** LISTED RECORDS follows **

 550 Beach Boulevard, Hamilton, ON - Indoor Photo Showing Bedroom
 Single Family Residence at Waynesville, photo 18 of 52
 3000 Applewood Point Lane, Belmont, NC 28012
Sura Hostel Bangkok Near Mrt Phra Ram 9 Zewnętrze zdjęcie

** End of LISTED RECORDS **
** LISTED RECORDS follows **

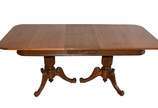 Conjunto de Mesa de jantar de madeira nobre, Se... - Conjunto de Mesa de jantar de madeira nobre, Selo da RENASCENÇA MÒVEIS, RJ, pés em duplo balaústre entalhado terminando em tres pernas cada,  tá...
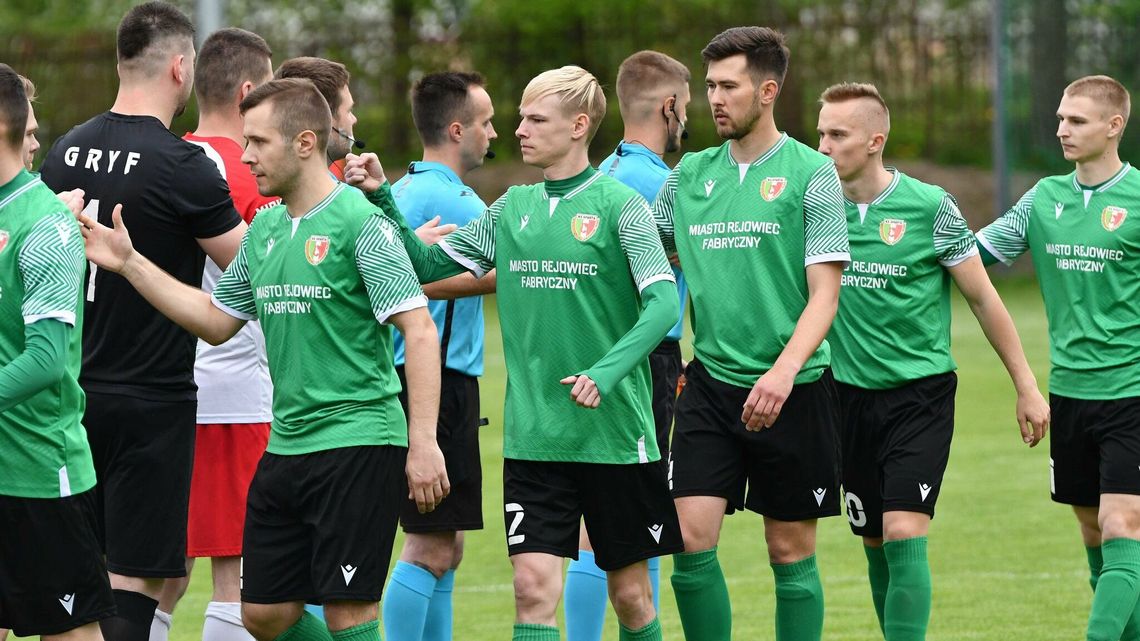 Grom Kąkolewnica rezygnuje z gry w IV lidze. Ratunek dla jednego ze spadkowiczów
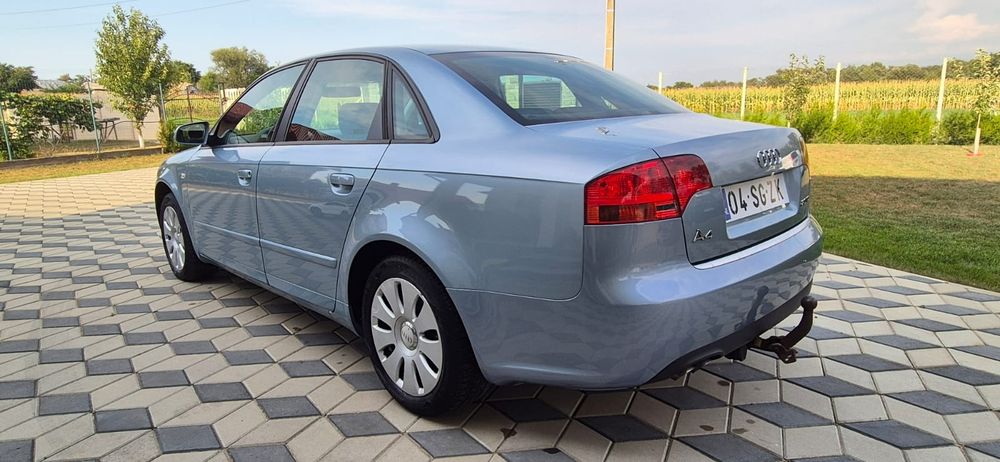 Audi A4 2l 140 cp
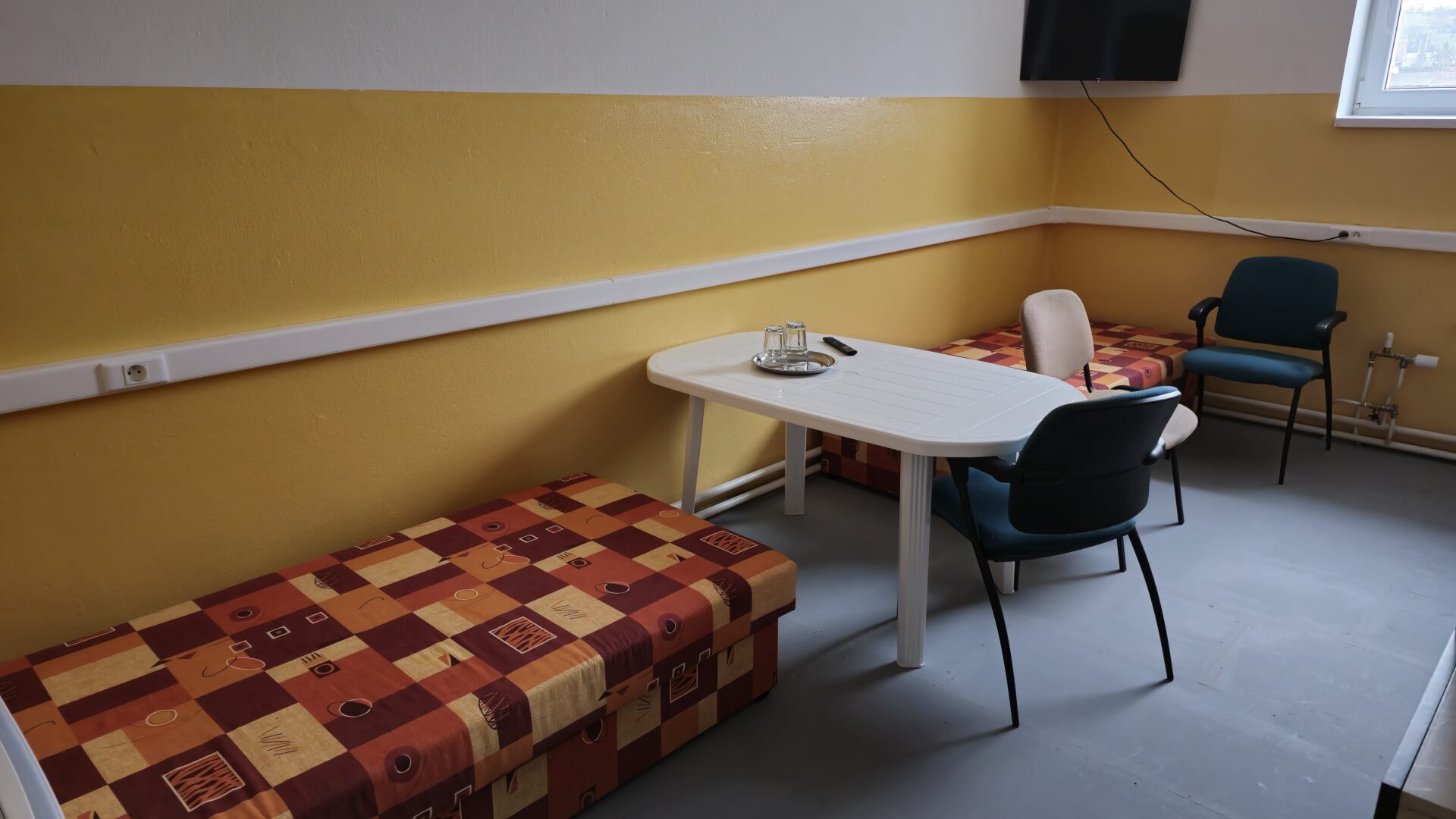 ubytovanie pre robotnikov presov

** End of LISTED RECORDS **
** LISTED RECORDS follows **

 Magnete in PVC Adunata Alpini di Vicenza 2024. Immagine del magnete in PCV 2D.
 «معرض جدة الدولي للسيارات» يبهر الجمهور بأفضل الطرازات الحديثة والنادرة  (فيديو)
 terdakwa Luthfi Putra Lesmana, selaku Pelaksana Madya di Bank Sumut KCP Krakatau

** End of LISTED RECORDS **

Print exactly the lines of the listing above starting at the line containing "Magnete in PVC" and ending at the line containing "terdakwa Luthfi Putra", both included.

◆ EXPECTED OUTPUT
 Magnete in PVC Adunata Alpini di Vicenza 2024. Immagine del magnete in PCV 2D.
 «معرض جدة الدولي للسيارات» يبهر الجمهور بأفضل الطرازات الحديثة والنادرة  (فيديو)
 terdakwa Luthfi Putra Lesmana, selaku Pelaksana Madya di Bank Sumut KCP Krakatau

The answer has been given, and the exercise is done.